US retail sales in sluggish start to quarter
Bloomberg in Washington
Retail sales in the United States were little changed last month, the worst performance in six months, as car demand slowed and tepid wage growth restrained consumers.
The slowdown in purchases followed a 0.2 per cent advance in June, the Department of Commerce said. Excluding cars, sales rose 0.1 per cent.
Job growth has yet to stoke the type of wage gains needed to boost household purchases, a sign the economic expansion will probably not sustain the second-quarter pickup into the end of the year.
Some retailers must rely on promotions and discounts to entice customers, whose spending accounts for about 70 per cent of the economy.
"We're seeing decent but not great consumer spending," said Christopher Low, the chief economist at FTN Financial. "Credit is limited and wage growth is stagnant."
Eight of 13 major categories showed an increase in sales last month, paced by clothing, grocery and personal-care stores, the report showed.
The labour market, while improving, has yet to return to full strength. Job openings rose in June to the highest level in more than 13 years, the Department of Labour said.

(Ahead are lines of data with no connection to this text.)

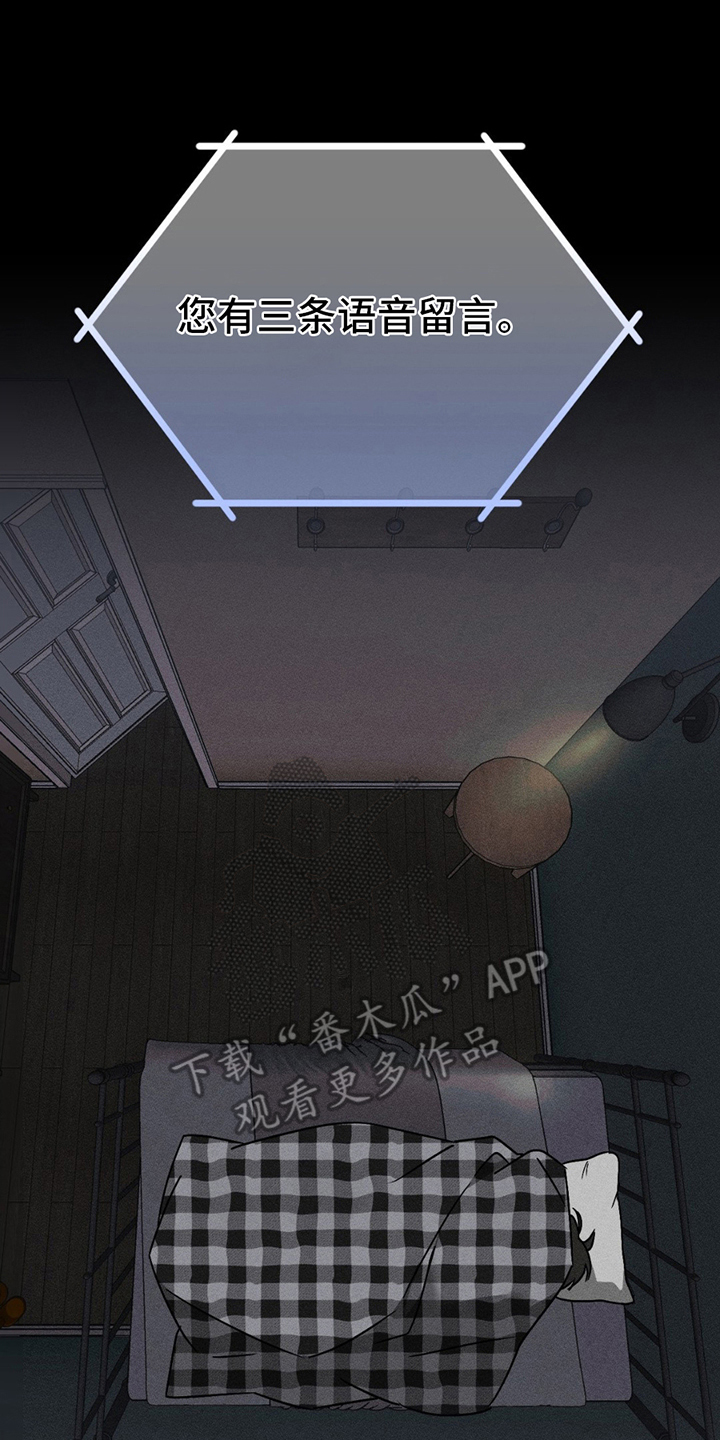 战争后遗症效果漫画,第9章：试着去做4图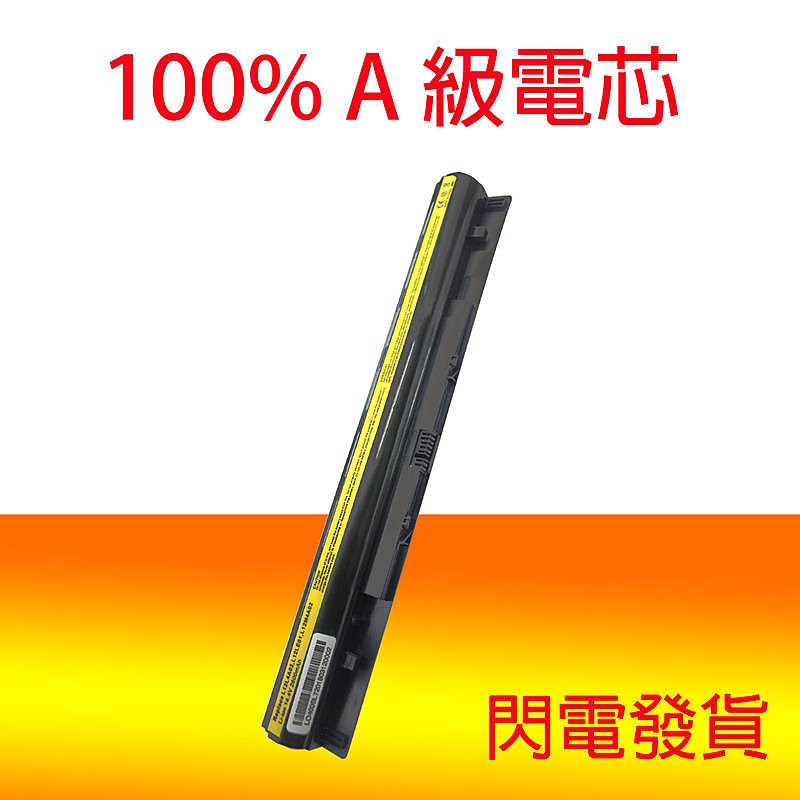 全新 LENOVO 90202869 ERASER G50 G50-30 G50-45 G50-70 電池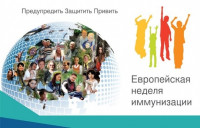 Горячая линия по вопросам вакцинопрофилактики в рамках Европейской недели иммунизации Горячая линия по вопросам вакцинопрофилактики в рамках Европейской недели иммунизации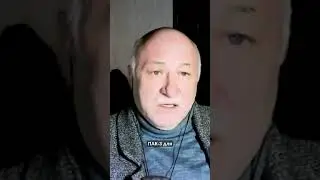 Потреба України в ППО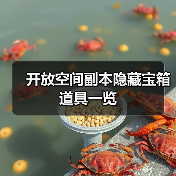 开放空间副本隐藏宝箱道具一览（图1）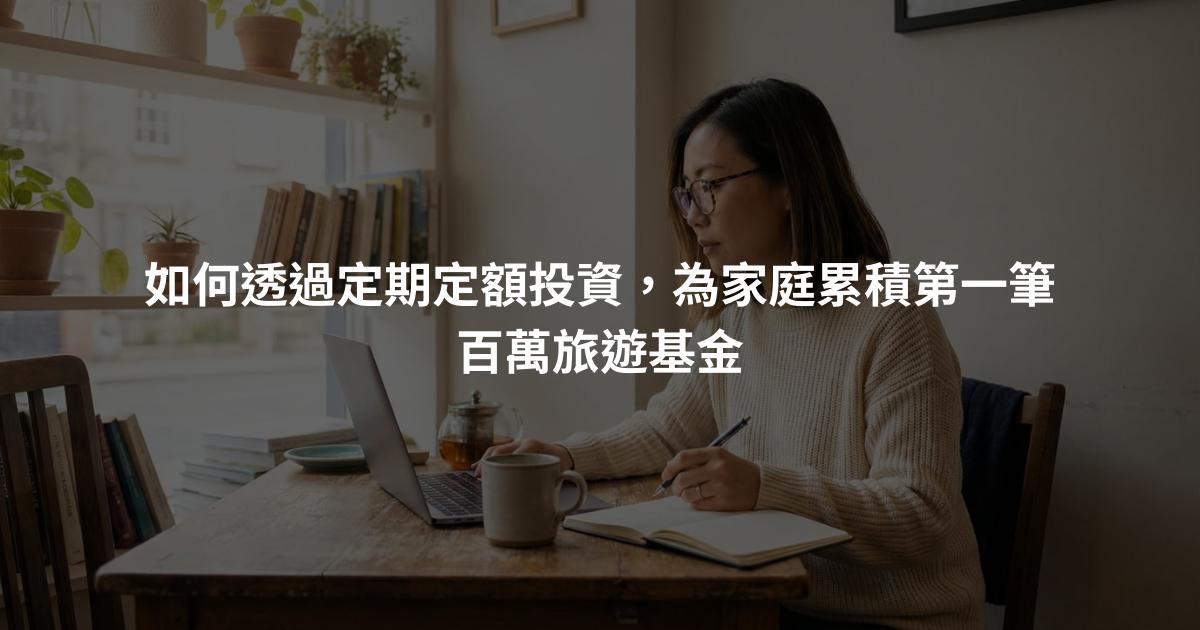 如何透過定期定額投資，為家庭累積第一筆百萬旅遊基金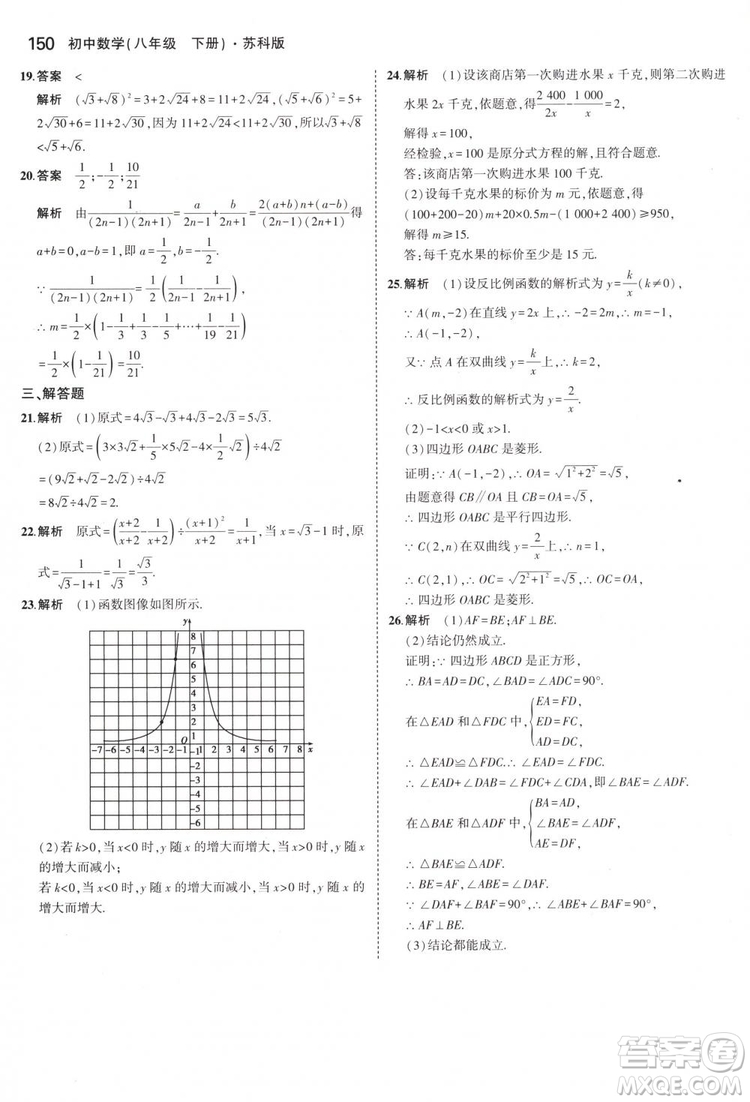 曲一線科學備考2019版5年中考3年模擬八年級數(shù)學下冊蘇科版參考答案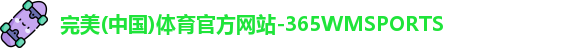 365WM完美体育
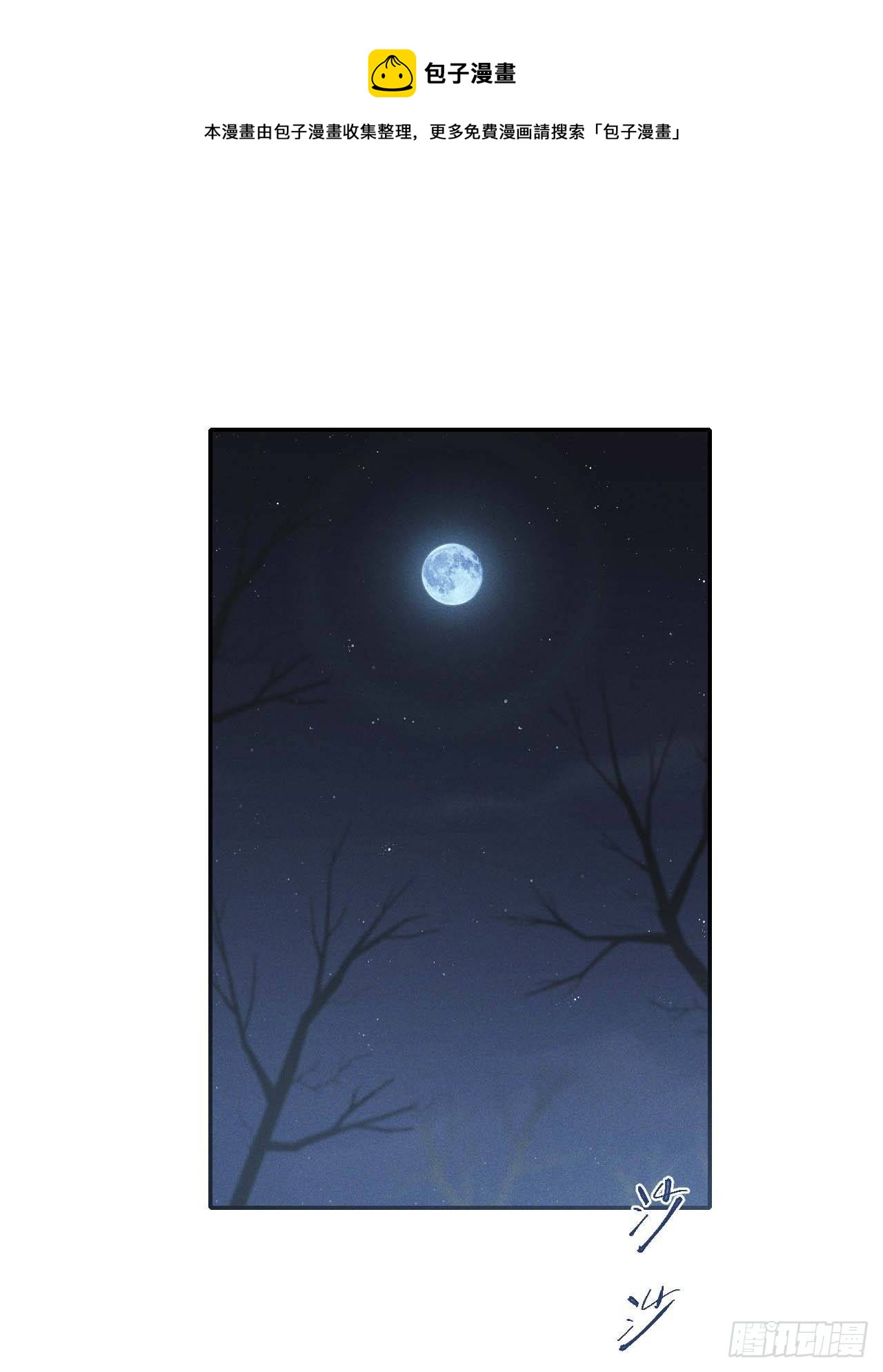 所爱隔山海漫画,第58话.涿鹿悲歌泣九黎（上）1图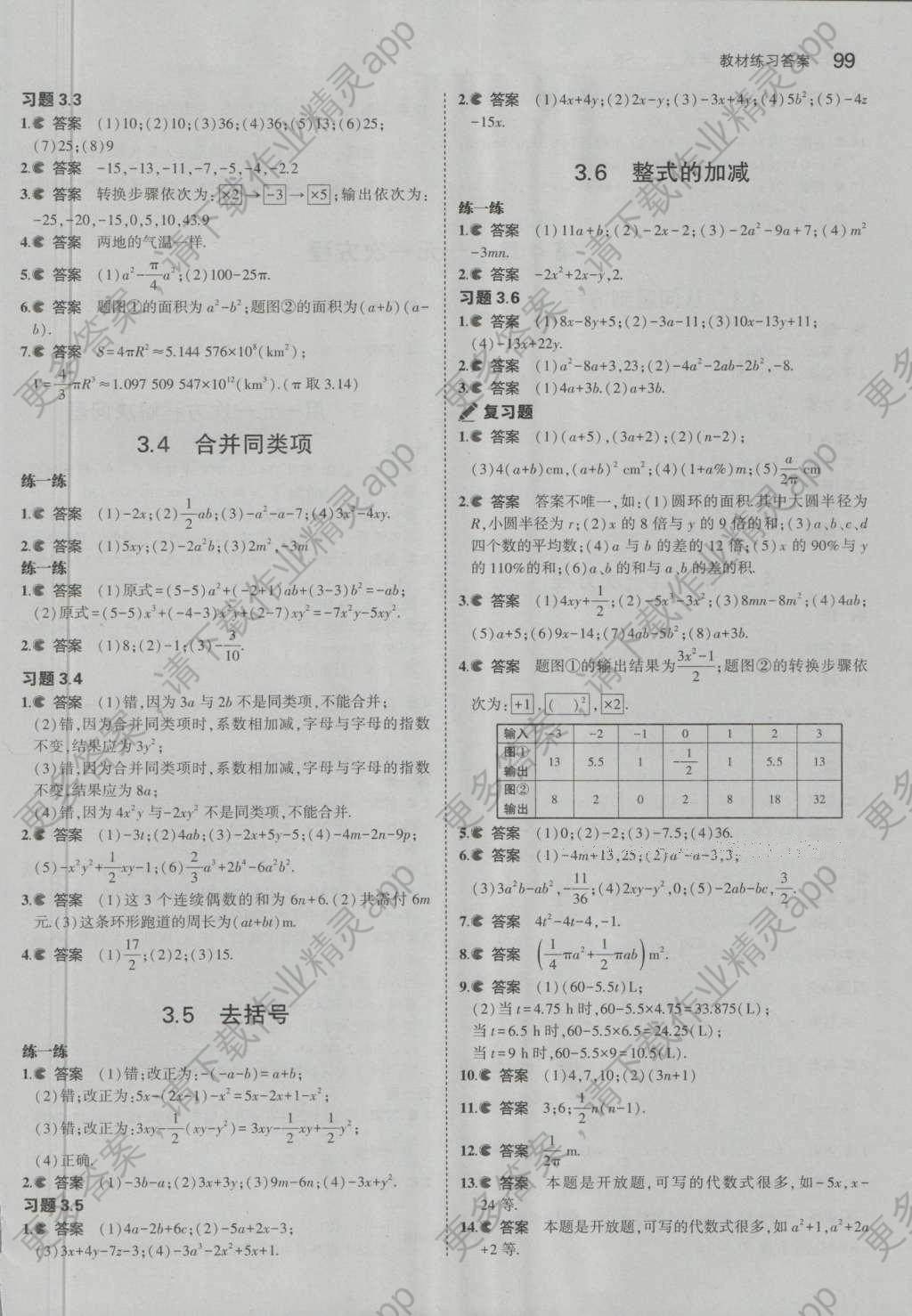 参考答案第60页 参考答案 相关练习册答案 课本苏科版七年级数学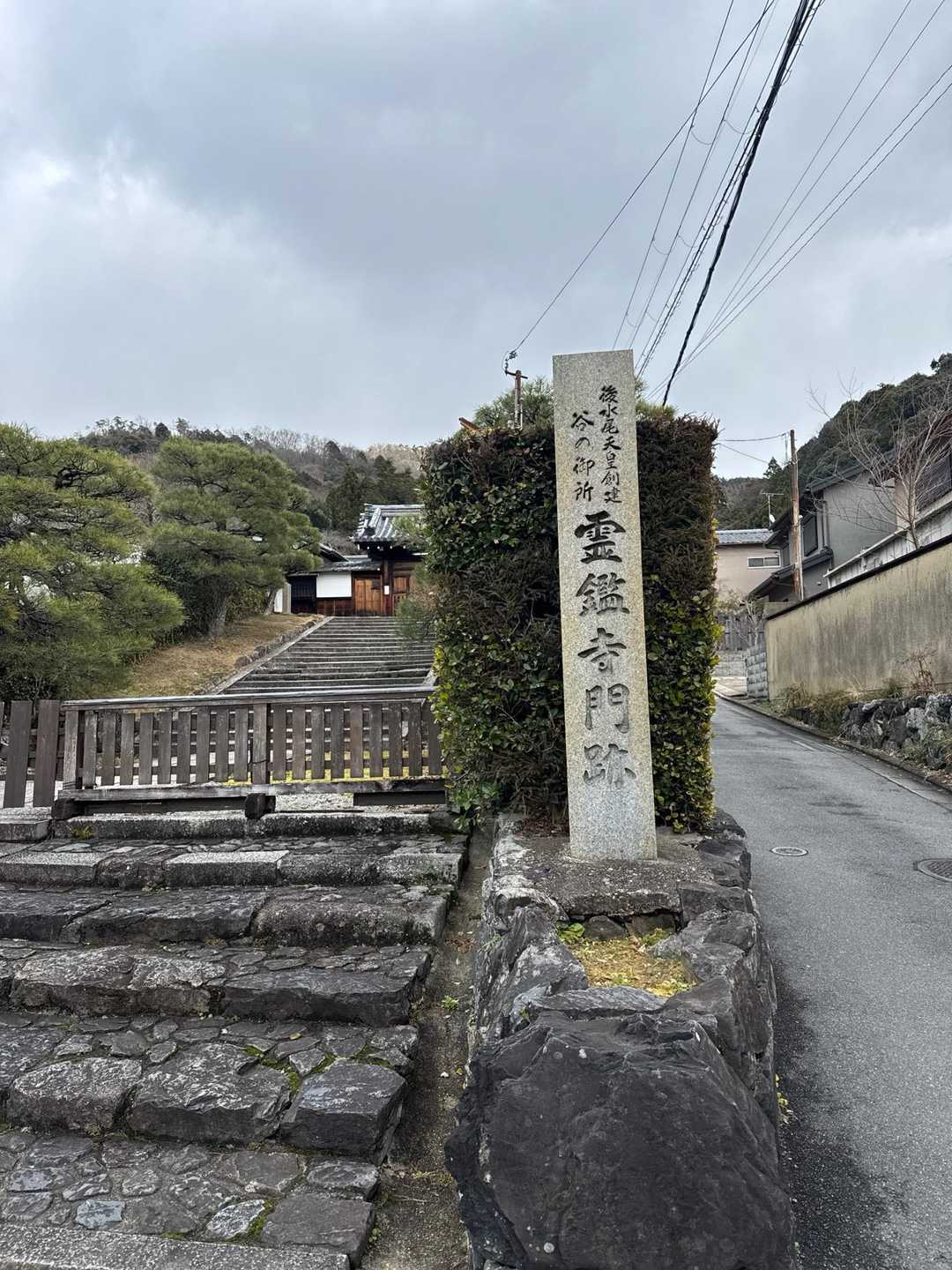 大文字山｜京都・夏の風物詩の舞台をめぐる山歩道から市街を一望の写真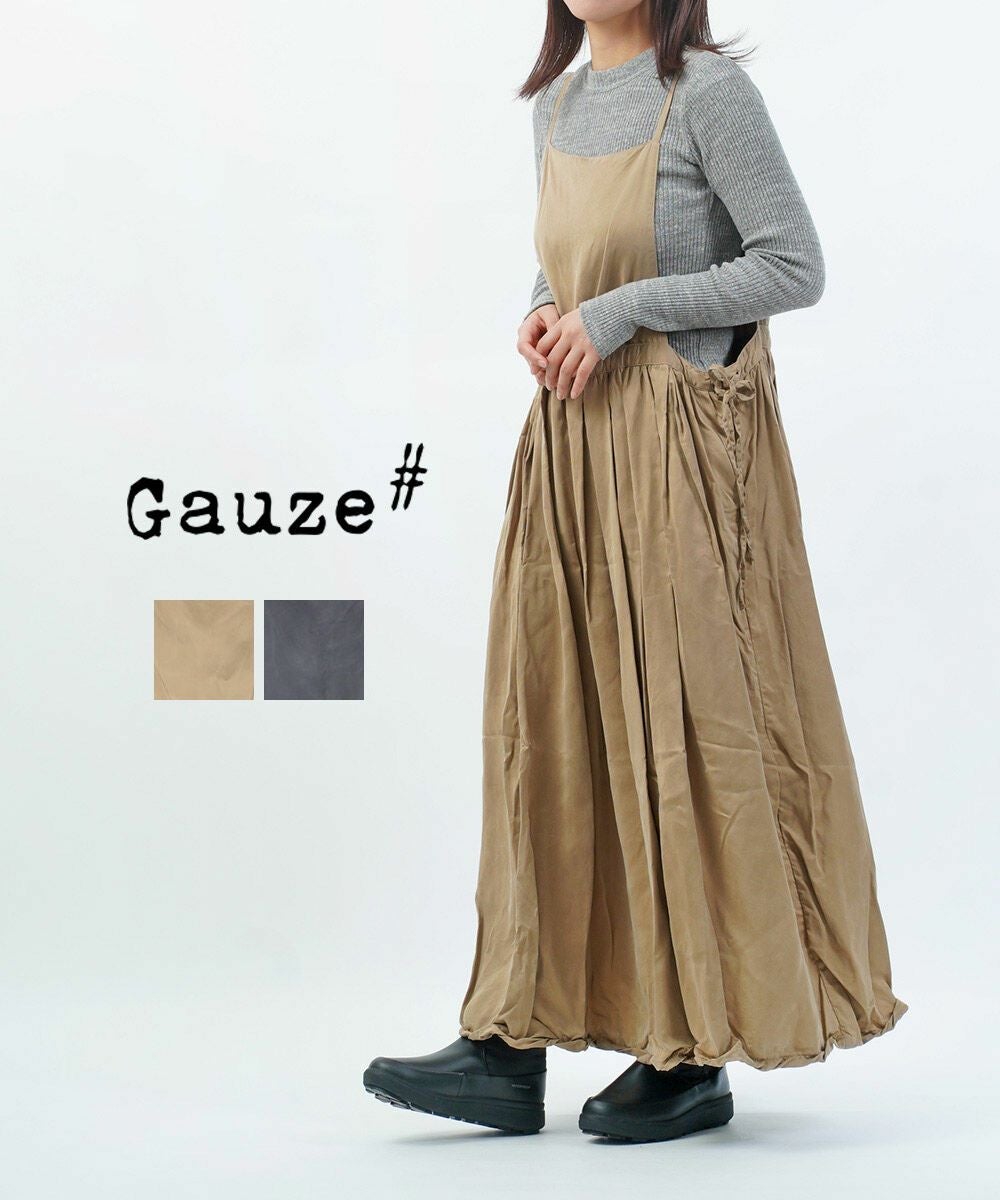 Gauze#(ガーゼ)クルエラノースリーブワンピース | BLEU COMME BLEU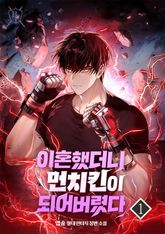 <이혼했더니 먼치킨이 되어버렸다> 세트 표지 이미지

Employers have added more than 200,000 jobs in each of the past six months, the best performance since 1997.
Nonetheless, inflation-adjusted average weekly earnings dropped 0.2 per cent in the 12 months to June, the worst performance since October 2012, according to labour department data.
Among retailers, car dealers benefited from pent-up demand and easy access to credit, with car and truck sales up 6 per cent from a year ago, commerce department data showed.
Core retail sales, which excludes categories such as cars, petrol stations and building materials, climbed 0.1 per cent last month following a 0.5 per cent increase in June that was smaller than previously reported.
Core sales are used to calculate gross domestic product.
The world's largest economy grew at a 4 per cent annualised rate in the second quarter after contracting 2.1 per cent in the first three months of the year, its worst performance since 2009, during the final stages of the recession.